How much does it cost to park at the state park? I'm thinking about going down to the jetties wednesday morning for the first time.


----------



## PawleysDude (Jul 6, 2009)

It's $5 per person for a one-day pass. Gate opens about 6am, give or take a little, depending upon what time the park ranger gets there. Make sure you've got your saltwater fishing license.


----------



## Bryanmtm40 (Jul 31, 2010)

thanks for the info. I've heard the jetties are the place to go for surf fishing. I'm tired of sittin on the pier.


----------



## jrbudda (Sep 12, 2010)

Keep in mind its a solid mile and a half walk from the north parking lot out to the jetty.


----------



## bluefish1928 (Jun 9, 2007)

if you are going to fish there often, u might as well just get an annual park pass. plus the park pass is good for all SC state parks.


----------



## SmoothLures (Feb 13, 2008)

bluefish1928 said:


> if you are going to fish there often, u might as well just get an annual park pass. plus the park pass is good for all SC state parks.

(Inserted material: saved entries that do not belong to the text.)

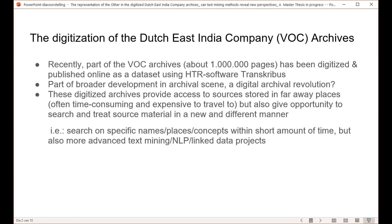First, a bit of background on the digitization process of the Dutch East India Company archives. Recently, about one million pages have been digitized and published online as a dataset by the National Archives in The Hague. For this they use the HTR software Transkribus, which means users can upload scans of handwritten material and manually transcribe a number of pages, after which the computer can start transcribing the rest itself. We see these sorts of digitization processes in more archives — it's basically part of a broader development.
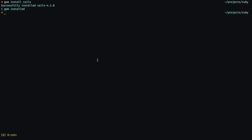Rails 4 is installed, now we can go ahead and just type in Rails new. I'm going to call it Redis app, just to be simple.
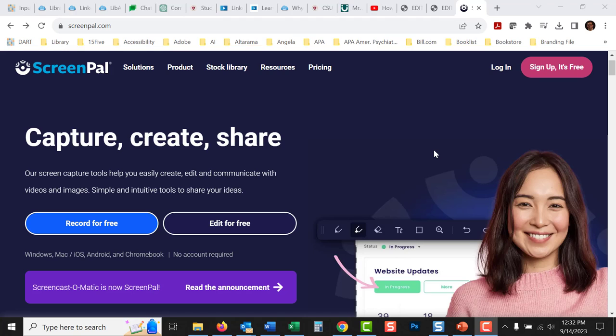Okay, today we are going to talk about how to record a presentation. So let's say you have an assignment where an instructor or a course says that they would like you to create a PowerPoint presentation and then record yourself presenting this.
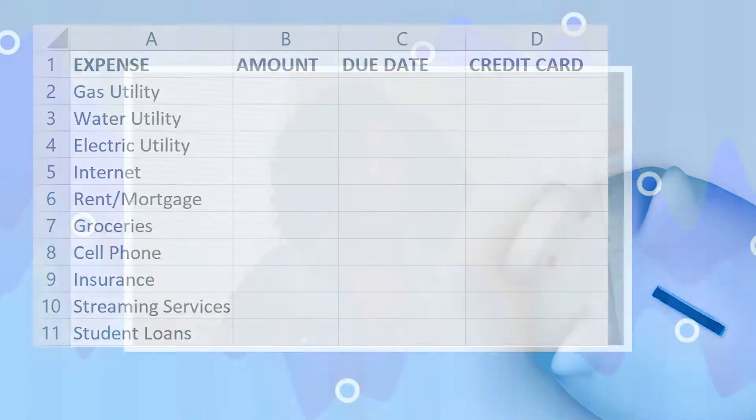Let's say you owe $500 and you pay the minimum balance of $25 a month until that's paid off. You may want to put what that total amount is so you can watch that number go down and hopefully go to zero. That's number one.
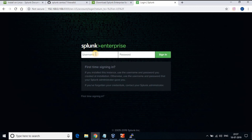We have the Splunk portal loaded now. Log into the page using the admin username and password which you set at the time of installation.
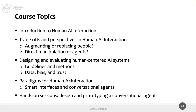Here are briefly the course topics. Today we do this introduction. Next time we'll cover the trade-off perspectives in human interaction. Then we move to designing and evaluating systems and techniques. We close with a case study on creating and evaluating a prototype of a conversational agent on a specific domain you will choose, which should provide answers and set expectations correctly according to what we've seen before.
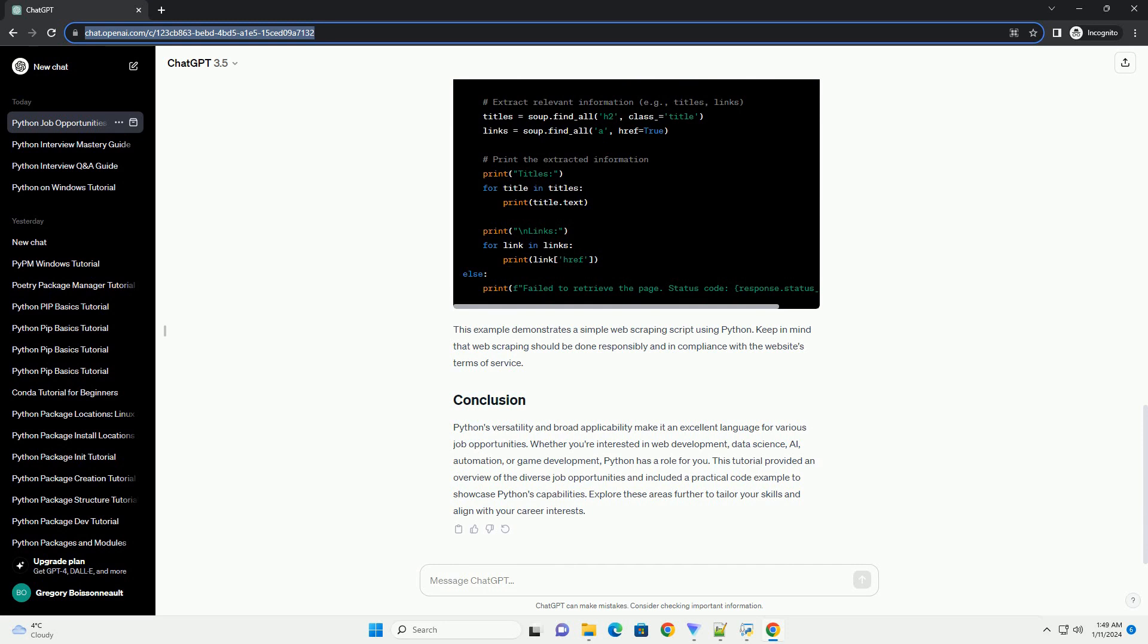Python's simplicity makes it an excellent choice for automation and scripting tasks. Many system administrators and DevOps engineers use Python to automate repetitive tasks, manage infrastructure, and deploy applications.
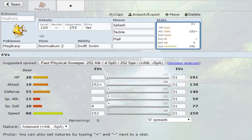But anyways, now its max stats are gonna be 180 HP, 130 attack, 146 defense, 59 special attack, 77 special defense, and 259 speed. So it's gonna be fast.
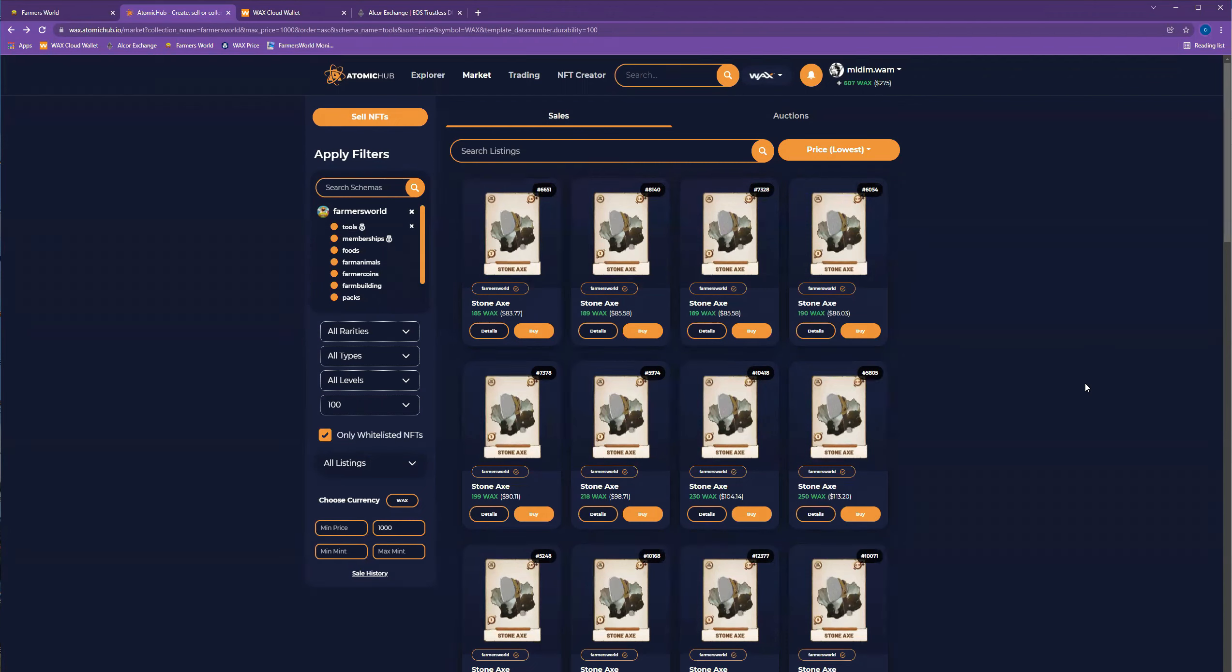So if you thought you missed the boat and thought you missed your chance to get on board for a reasonable cost, then now might be your chance to get invested. The thing you have to consider is what you're willing to lose. You know, we don't know what's going to happen with Farmers World at this point.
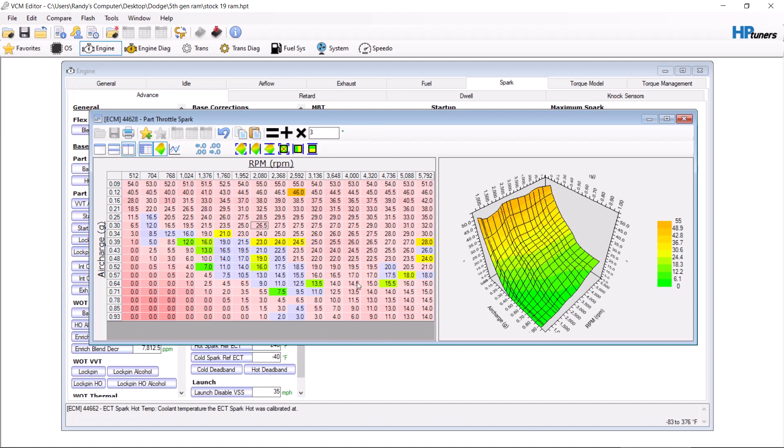On the dyno is the only way that you're going to find the maximum, the best timing for max horsepower. Typically, on 5.7 Hemi trucks, it's between 19 and about 22.5 degrees. So these numbers are actually kind of low here, but it's something that you have to play with yourself.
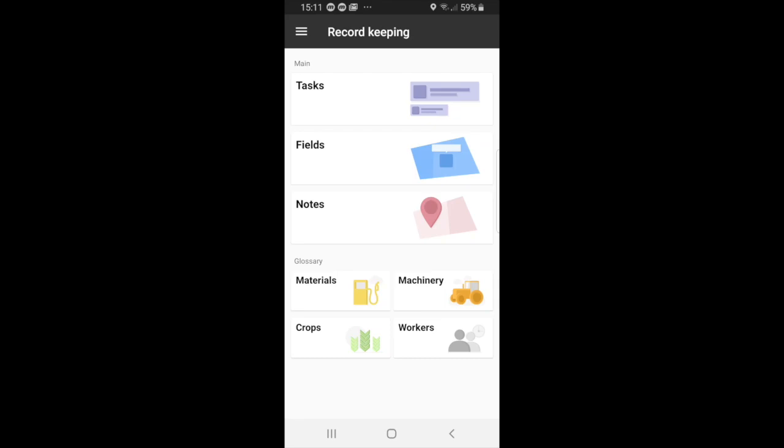Okay, so now I will show you guys Glossary. So we will first start with materials.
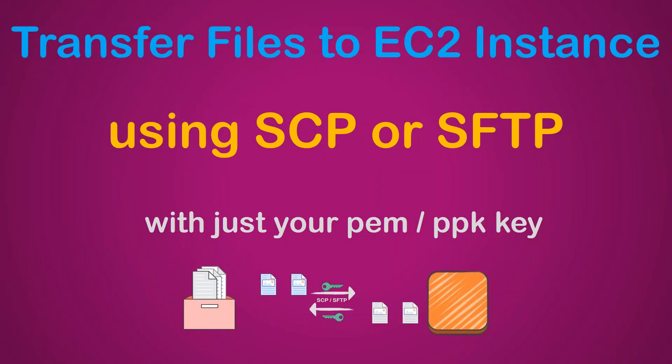Welcome to my channel, folks. Today I'm going to show you how you can transfer files to your EC2 instance. It might be running Windows or Linux. We will be transferring the file using the Secure Copy Protocol (SCP) or the SFTP protocol, and we can do that with just your PEM key or PPK file.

 Yep, and it's good for all the people in your car so you don't have to pay $5 per person each trip. It'll let you fish MBSP pier for the $5 they charge to get on the pier.


----------



## rickyble (Apr 28, 2011)

It is a mile and half. A very fast pace with get you to the jetty in 30 minutes more leisurely 45. Nice view of boats in and out of the Inlet from there too.


----------



## Bryanmtm40 (Jul 31, 2010)

I think I'm going to see what happens this time out, and if I like it, get the 50 dollars. That's pretty sweet about mbsp pier too. I'm also planning on finding some fiddlers crabs the night before I go out... anyone know if they'll last that long/how to keep them alive that long?


----------



## rickyble (Apr 28, 2011)

If you go out early early in the morning you can find them on the beach at Huntington. The gate opens at 6 and if you are there you can hit the beach and find them...


----------



## fshnjoe (Sep 11, 2008)

rickyble said:


> If you go out early early in the morning you can find them on the beach at Huntington. The gate opens at 6 and if you are there you can hit the beach and find them...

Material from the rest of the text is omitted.